# I Got In!!



## Maren Bell Jones (Jun 7, 2006)

Just found out today...I'm now officially a member of the University of Missouri's College of Veterinary Medicine Class of 2011!! *squee*


----------



## Andy Andrews (May 9, 2006)

Congratulations! 



Andy.


----------



## David Frost (Mar 29, 2006)

Congratulations. 

DFrost


----------



## Jeff Oehlsen (Apr 7, 2006)

Good Job!!!!!!


----------



## Martin Espericueta (Apr 1, 2006)

So we get a free checkup for our dogs every year when you begin your practice =D>

Congrats!


----------



## Lynn Cheffins (Jul 11, 2006)

Congratulations, Maren!


----------



## ann schnerre (Aug 24, 2006)

congratulations!!!!!


----------



## Connie Sutherland (Mar 27, 2006)

Maren Bell Jones said:


> Just found out today...I'm now officially a member of the University of Missouri's College of Veterinary Medicine Class of 2011!! *squee*



EXCELLENT!!!!!! =D> =D> =D>


----------



## Elly Elsenaar (Mar 27, 2006)

Congratulations!!


----------



## Lacey Vessell (Nov 18, 2006)

YAYYYYYY!!!!! Congrats Maren!!!!!!! Way to go!!!!!!


----------



## Tim Martens (Mar 27, 2006)

wow. congrats. that's quite an accomplishment. best of luck to you.


----------



## Connie Sutherland (Mar 27, 2006)

Do you start in September?

I'm excited about having a vet on our forum.


----------



## Amanda Layne (Aug 9, 2006)

That is HUGE!  Way to go Maren!

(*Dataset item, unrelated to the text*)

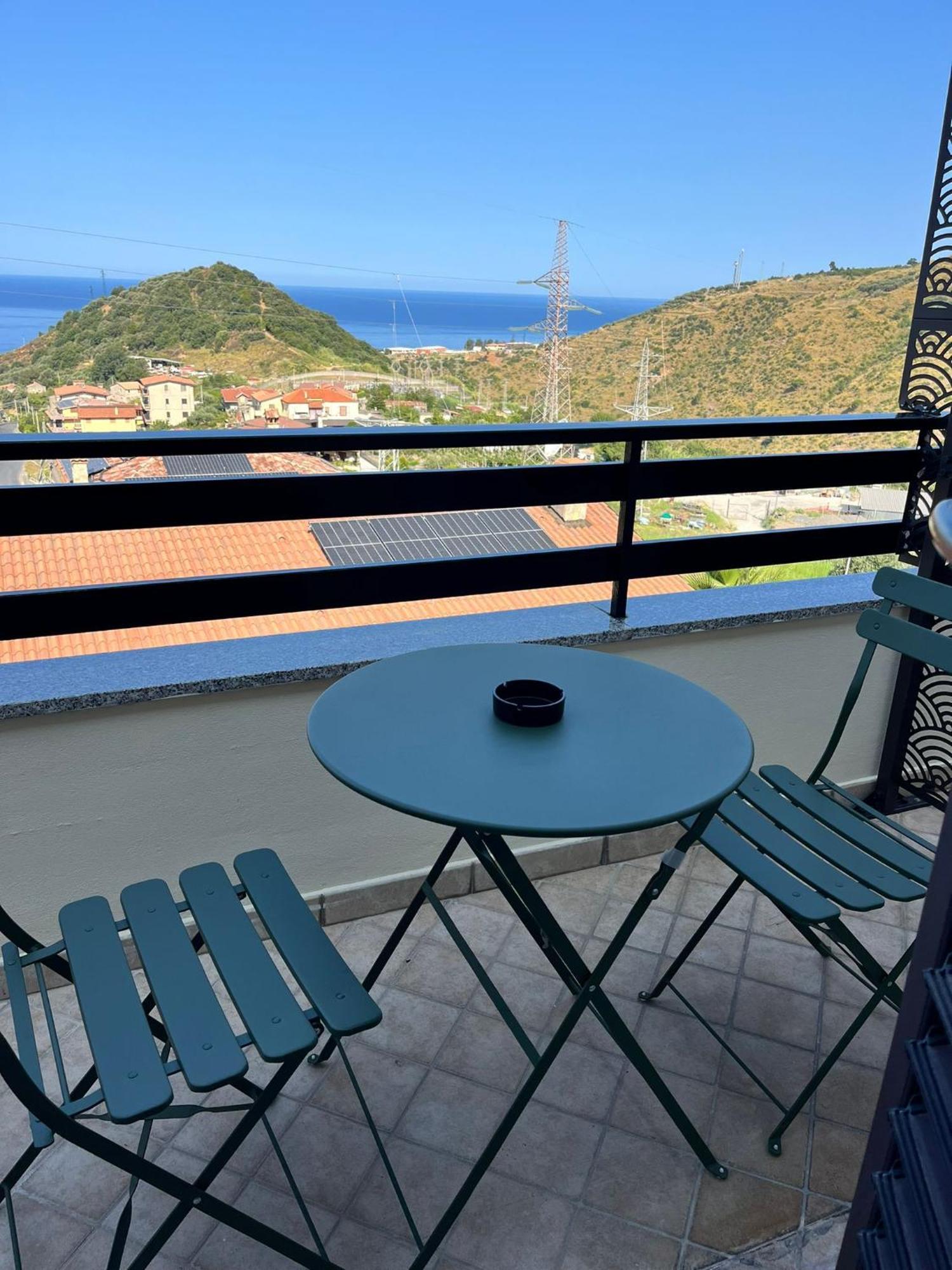 La Terrazza Degli Dei *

Lots of hard work ahead, but I am sooooooooooo HAPPY for you!


----------



## Bob Scott (Mar 30, 2006)

Very, very cool!!! =D> =D> =D>


----------



## Maren Bell Jones (Jun 7, 2006)

Thanks everyone! Now I just have to finish up this blankety blank masters thesis this week over spring break and get ready to defend. Connie, we start mid August or thereabouts. By the time I'm done, vet school will probably be a breeze compared to grad school. *aggravated sigh*

And sure, bring the dogs on by for free checkups on the house. ;-) Even Jeff, as I'm likely to end up in Colorado eventually one of these days.


----------



## Anne Jones (Mar 27, 2006)

Nice work...a big congrats to you.


----------



## Debbie High (Jul 2, 2006)

Maren, How wonderful!!! I know that you will be a fantastic vet! Congratulations!

Debbie


----------



## Alicia Mertz (Mar 28, 2006)

Woo hoo! FANTASTIC!! Way to go! You'll do great.


----------



## Becky Shilling (Jul 11, 2006)

Excellent Maren! Bet you'll love that large animal rotation!


----------



## Maren Bell Jones (Jun 7, 2006)

Becky Shilling said:


> Excellent Maren! Bet you'll love that large animal rotation!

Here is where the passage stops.